* [SOURCE MATERIAL]:
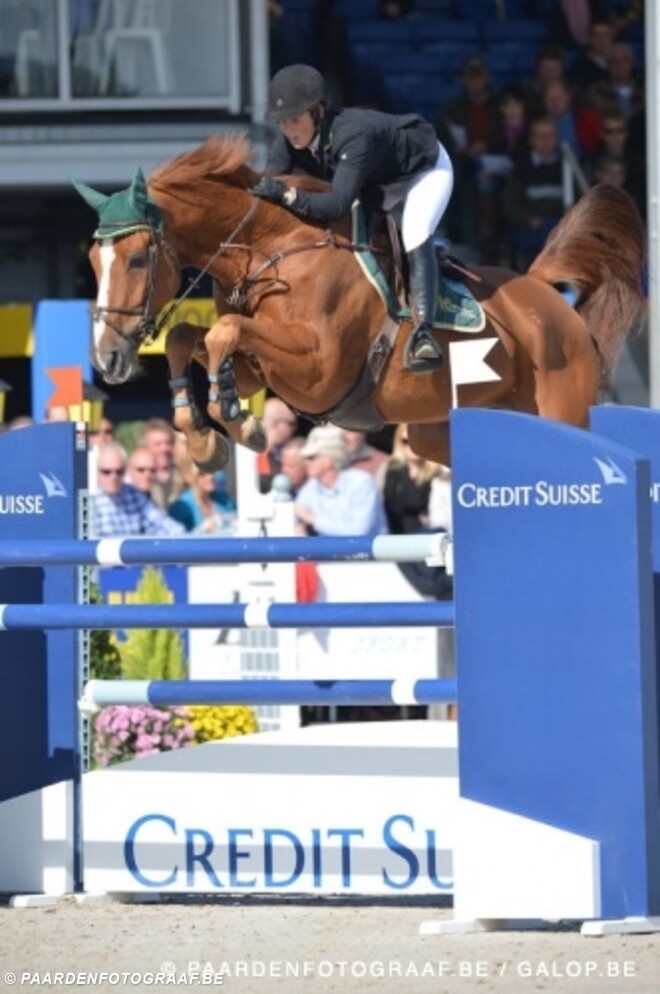 BWP-merrie Goja tweede in eerste Riders Tour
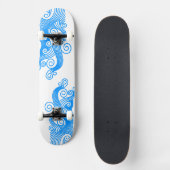 スケートボード (正面)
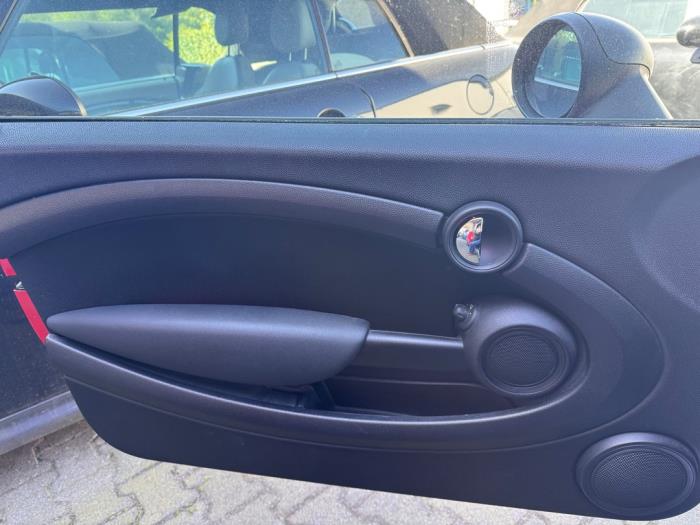 Mini Mini 1.6 16V One Sloopvoertuig (2012, Rood)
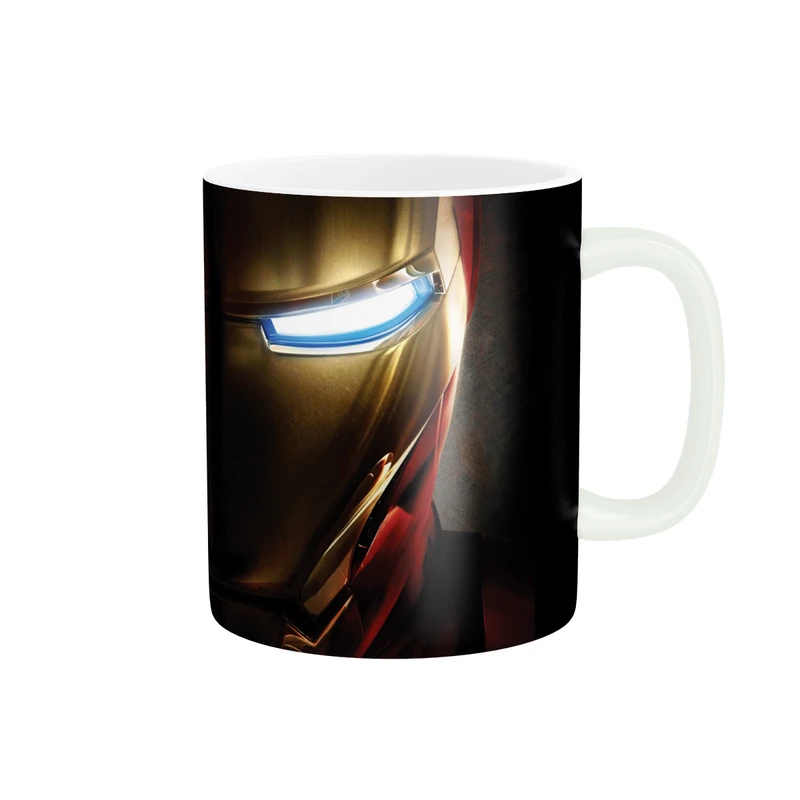 ماگ پاد آفرین مدل فیلم مرد آهنین کد DKC804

* [TASK INSTRUCTIONS]:
Would you restate, word for word, the lines from the one holding "Mini Mini 1.6" through the end of the material above? Omit the pictures.

* [TASK RESULT]:
 Mini Mini 1.6 16V One Sloopvoertuig (2012, Rood)
 ماگ پاد آفرین مدل فیلم مرد آهنین کد DKC804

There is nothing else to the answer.